Regarding our elected officials

The Democrats stopped representing their base at the same time the GOP did. One is the party of "do what we must to keep OUR political jobs" while the other is "do what we must to muster suspicion and do what we must to keep OUR political jobs." The question is, which is which?!?

The real danger is if things that we buy

or our debt is no longer price in dollars.

Think about it though, we already have volatility because of the instability of the dollar. Look at the per barrel price of crude in euros and dollars. Guess what, the "oil" price increase was in large part produced by the fall of the dollar relative to other currencies.

We don't have a huge amount of trade with oil-producing states, they are supplied with capital and consumer goods from Europe and Asia. Latin America is the exception.

A drop in dollar value would mean that the cost of oil and other imports would go up quite a bit, however it would also make American manufacturing more competitive. Particularly on the high end products where are competitors are in Europe, Japan, and Korea, not China and India. Cost competitivity in capital goods, machines that make finished products, would allow the machine tools industry to be rebuilt in the US. That would help make the rest of manufacturing much more competitive.

That said, dropping English system and going metric would make it even more dramatic. We lose a considerable amount of trade because we have either have two sets of measurements, or don't have compatibility with the rest of the planet because we have a 1/8 inch bit instead a 4 mm one. They aren't interchangeable. It you have a top of the line bike, it's a pain to fix because the Italian and Japanese parts are in mm. Which means that if you try to use customary based tools it doesn't work......

Good Points MfM.

But I think the horse left the barn on this one a long time ago. Several years ago I was lamenting the weakening dollar and a golfing buddy responded that a weak dollar was good because it would increase our exports. The problem with that logic is that we stopped being a manufacturing country 25 years ago or so, and replaced it with financialization. To that, I have my own experience to relate.

My first real job, folllowing a 3 yr stint in the Army, was in 1969 with Carrier Air Conditioning. Carrier was ALWAYS, from its inception, an ENGINEERING driven company. Product design and development and manufacturing engineering were it's reputation and it was considered the "cadillac" of air conditioning. In 1979/1980, a hostile takeover was initiated by United Technologies Corp. which lasted into 1981. Eventually it happened and Carrier was transformed into a divisional "profit center".

Mind you, from 1969 until that time I was part of an international group that annually exceeded sales and margin targets. Every single year we exceeded budgeted expectations! But once we became a "profit center", all that mattered was cost and sales. There was no more innovation; it was just find out what you can sell and get it from the cheapest source, wherever it is. All sourcing and sales activities were decentralized and the large domestic manufacturing sites were de-emphasized and/or abandoned. Along with them went the generations of engineering commitment and the skilled laborers that made it work. They are long gone and the tool and die makers now reside in Germany, Brazil, China or wherever.

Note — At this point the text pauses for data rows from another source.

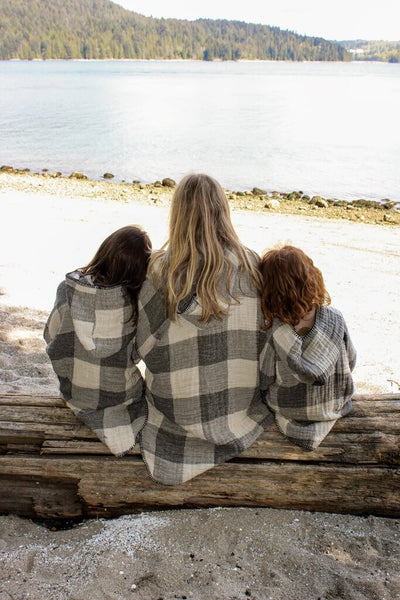 Tofino Towel 'Pebble' Poncho - Plaid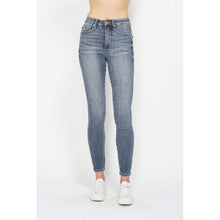 Load image into Gallery viewer, Judy Blue HW Tummy Control Contrast Wash Skinny Jean (Regular/Curvy)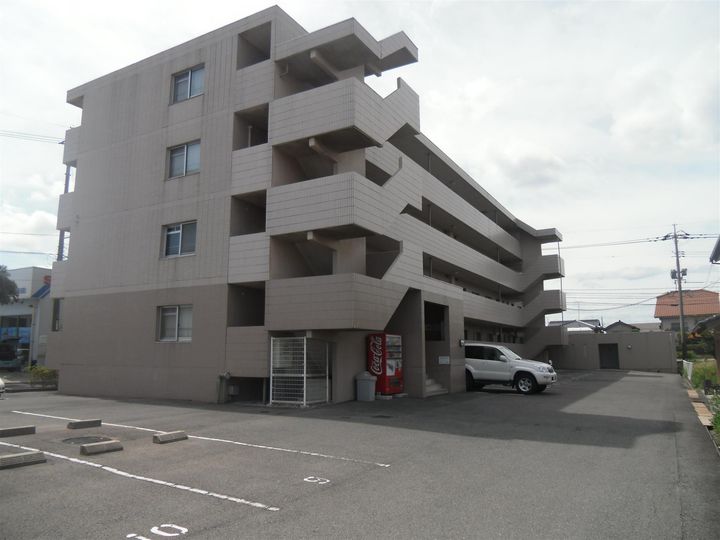 サンライズハイツの外観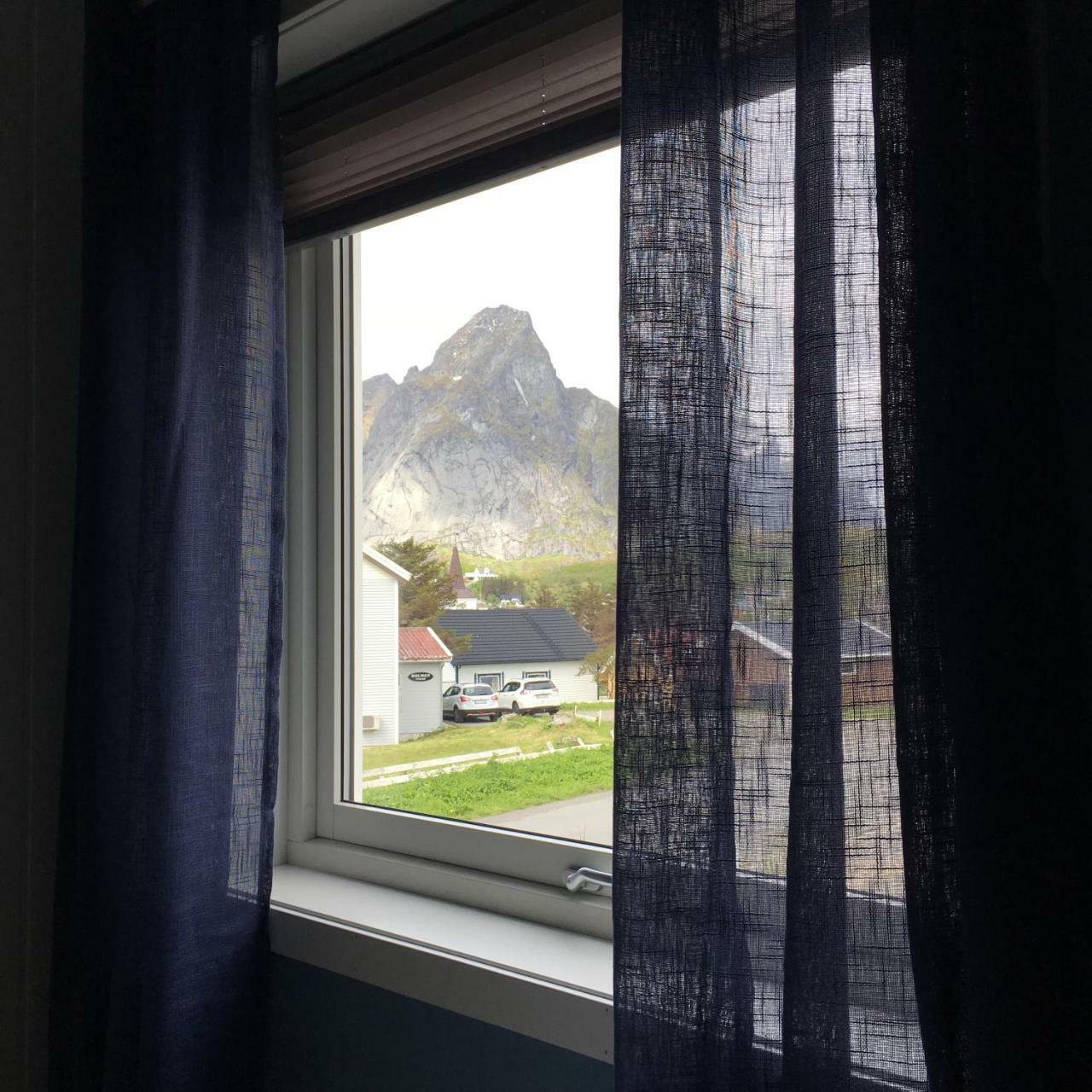 Lofoten Bed & Breakfast Reine - Rooms & Apartments Exterior photo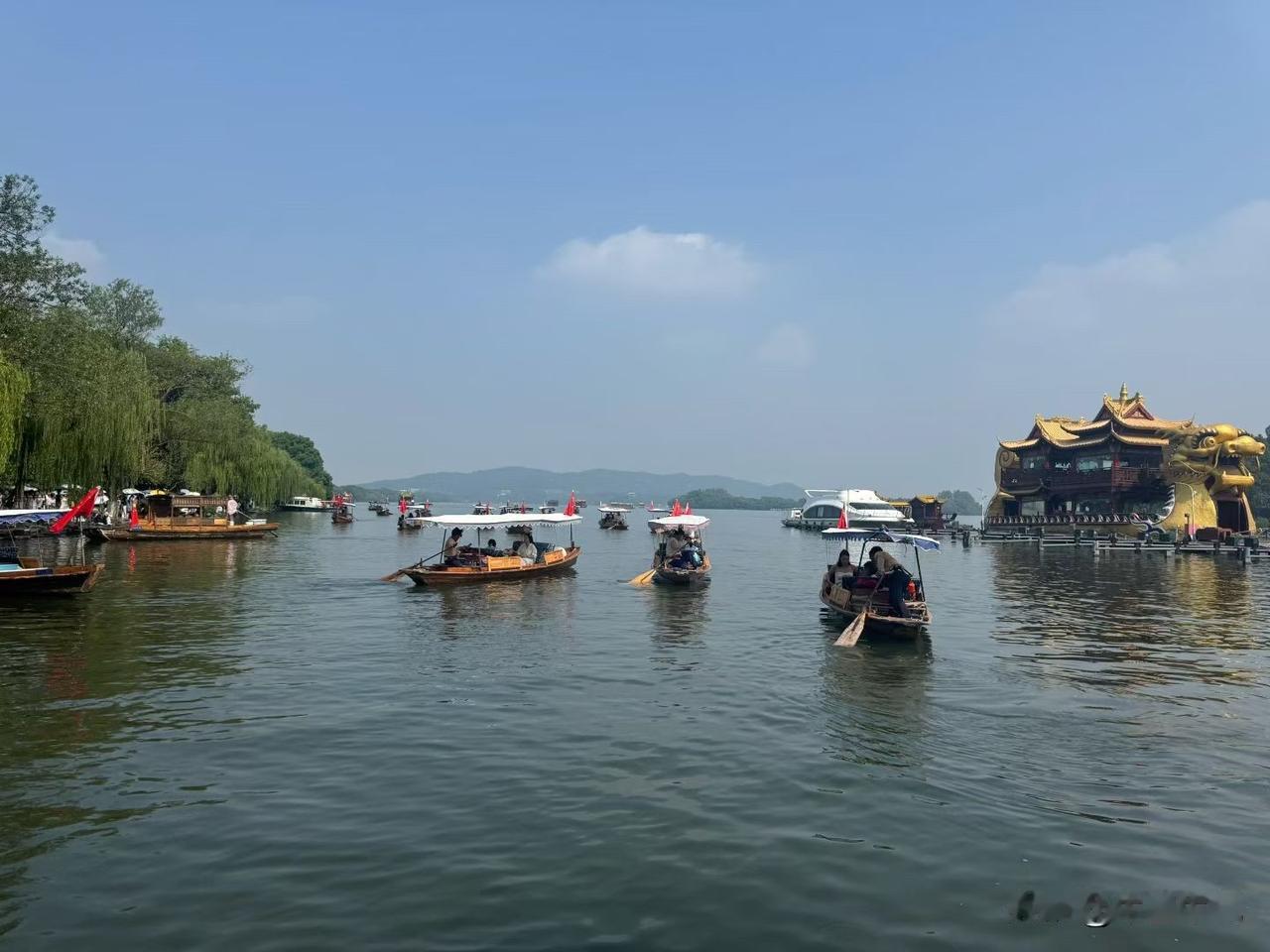 为什么我说2026年四季度是酒店业“权力重组”的关键窗口？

IMO, losing dollar hegemony would probably result in a fairly rapid collapse of American influence in the world and catastrophic damage to American society. But re-establishing America's dominance in the development of capital goods would require something like reinventing the wheel. We stopped being that country a long time ago. And like it or not, the only innovation that exists in America now is financial innovation enabled by government chicanery.

I was watching Mad Men the other day

it was the episode where they were pitching General Dynamics (the NASA pitch). There was a particular scene, where all these engineers were sitting in this room and the young Pete Cambell is doing his pitch. In the background you saw all the stuff they were making. You saw all those engineers sitting there and execs talking about the stuff they were making. Then in several episodes they had these folks from various product companies.

It struck me, here was an era where we were MAKING things, and we were respected. This was pre-Vietnam, so please take that into account. We had AMERICAN engineers, not offshored ones. We were making televisions and other consumer electronics. We were feeling hope, growth, well you get it.

So yes commongood, with regards to your last paragraph, maybe...just maybe, this could be our second chance. We rested on our laurels, our competitors destroyed after a world war, we were top dog. Then we coasted off that success. Sure we had some good new technological expansions, but in the end did that result in a new manufacturing base? No. I'm hoping everything doesn't fall apart before we can get things going again. We need a manufacturing base, period!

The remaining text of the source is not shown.